▶ _Problem details_
In your copy, leave out the pictures and output only the lines from the one holding "Het Zwiggelterveld 136 Zwiggelte thumbnail 6" through the end of the data below, exactly.

▶ _Available data_

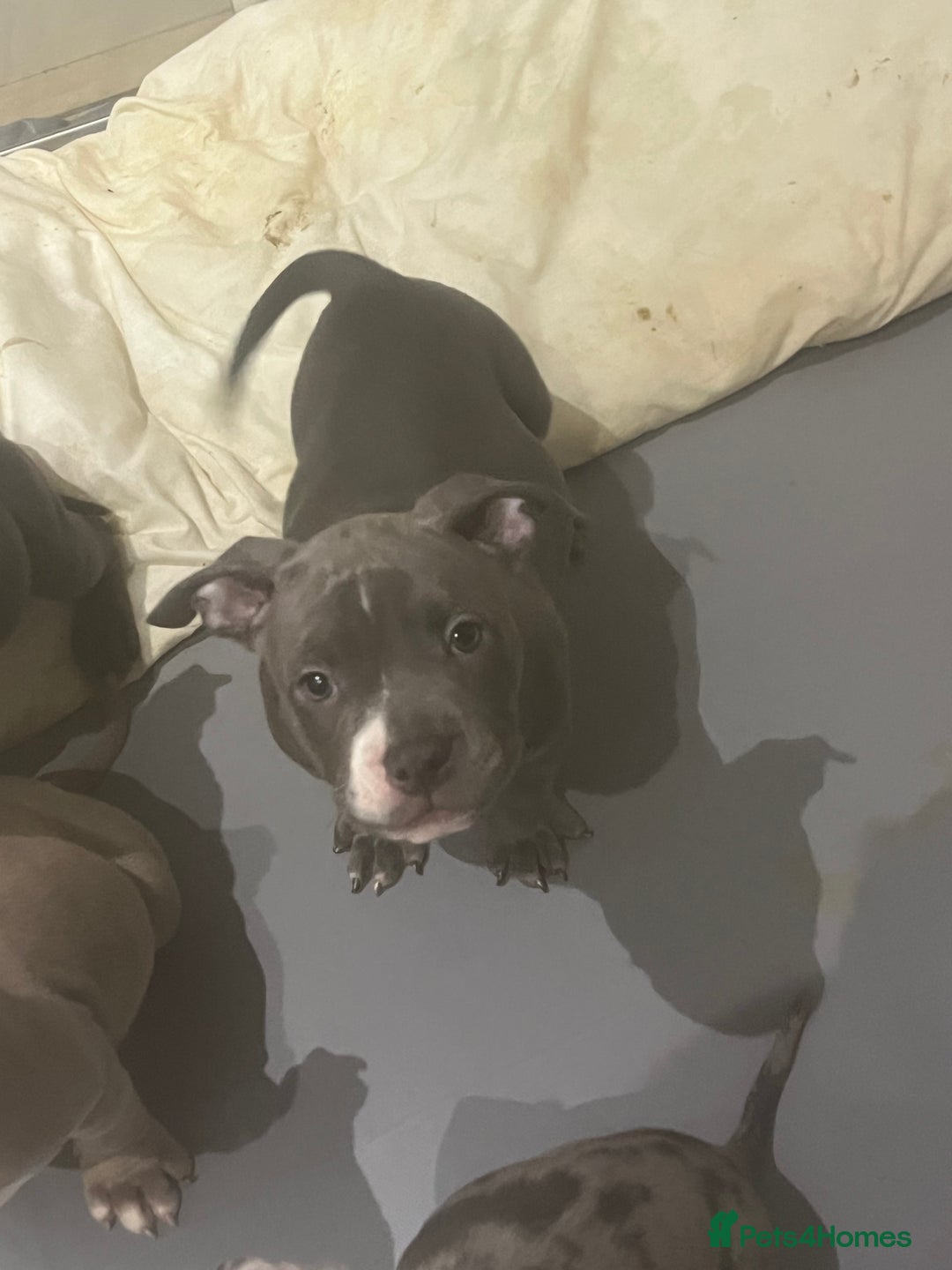 American Bully dogs for sale: BE FAST NOT LAST !! - Advert 2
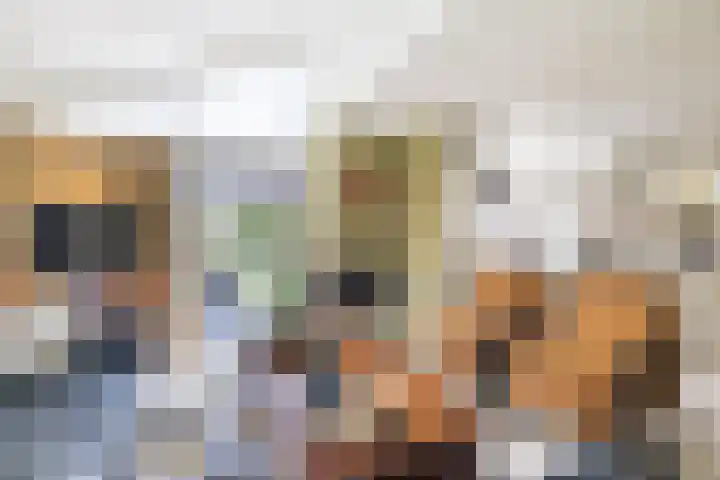 Het Zwiggelterveld 136 Zwiggelte thumbnail 6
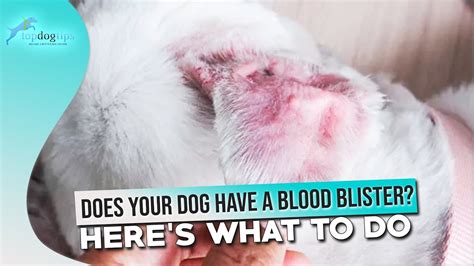 Does Your Dog Have A Blood Blister Heres What To Do Youtube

▶ _Answer for the task_
 Het Zwiggelterveld 136 Zwiggelte thumbnail 6
 Does Your Dog Have A Blood Blister Heres What To Do Youtube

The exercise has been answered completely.